Surprisingly, during the initial presentation, the baby was hypertensive despite the biventricular dysfunction and the hypertension persisted even after starting milrinone infusion (1 mcg/kg/min). Systemic blood pressure remained above 99th percentile for age during the first week and Nicardipine infusion (1 mcg/kg/min) was started on DOL 5 as a second anti-hypertensive agent (Fig. 1). A work-up for hypertension included renal and bladder ultrasound which showed normal renal anatomy without evidence of renal artery stenosis. Normal urine calcium levels excluded nephrocalcinosis. Ultimately, urinalysis showed elevated urine protein: creatinine ratio and beta-2-microglobulin, suggestive of antibody-mediated tubular injury potentially causing nephrogenic hypertension. Strikingly, the hypertension persisted, thus a continuous infusion of Esmolol starting at 100 mcg/kg/min was initiated as a third anti-hypertensive agent on DOL15 (Fig. 1). Systemic blood pressure showed an improving trend in the fourth week of life and continuous infusions of anti-hypertensive medications were gradually weaned off: first Milrinone (DOL21), then Esmolol (DOL25), finally Nicardipine (DOL28). Enteral Amlodipine was then started and continued for the following month with good control of the hypertension
Our patient’s clinical course was further complicated by new onset respiratory distress and hypoxemia requiring intubation on DOL13 and escalation to high frequency oscillator ventilation (HFOV) with iNO (inhaled Nitric oxide) to improve ventilation/perfusion mismatching. The baby received broad spectrum antibiotics (cefepime) and a second dose of IVIG for concerns of Lupus pneumonitis but showed no improvement in her respiratory status. The echocardiogram showed no evidence of cardiac dysfunction or pulmonary hypertension. There was no clear understanding of the pathophysiology of her lung disease, however, we can speculate it was a combination of inflammation, altered endothelial permeability, and fluid overload from her renal dysfunction. With appropriate respiratory support and gentle diuresis, the respiratory status improved, and we were able to wean the respiratory support back down to CPAP by DOL 30 and was weaned to room air by DOL 40.

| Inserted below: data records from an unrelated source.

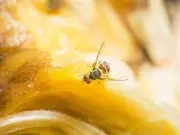 Simple £1.48 DIY method to banish flies from your kitchen forever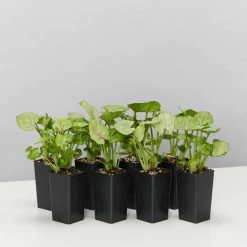 Indoor Garden Ground Covers Syngonium Podophyllum Roxana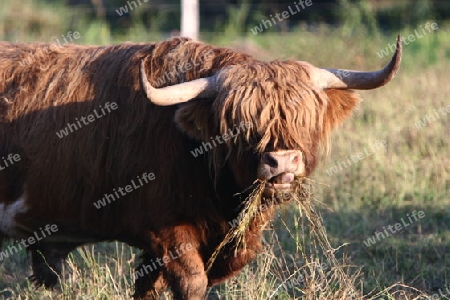 Schottische Hochlandrinder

Over the next two months, the patient improved slowly. Her anti-hypertensive medications were transitioned to oral clonidine and amlodipine and then weaned off. She was discharged home by 2 months of age with a normal ECHO, blood pressure and renal function. She was tapered off hydrocortisone at 4 months of age with a normal subsequent ACTH stimulation test. At the 18 month high-risk infant visit, she displayed a normal neurologic exam and normal development for her age.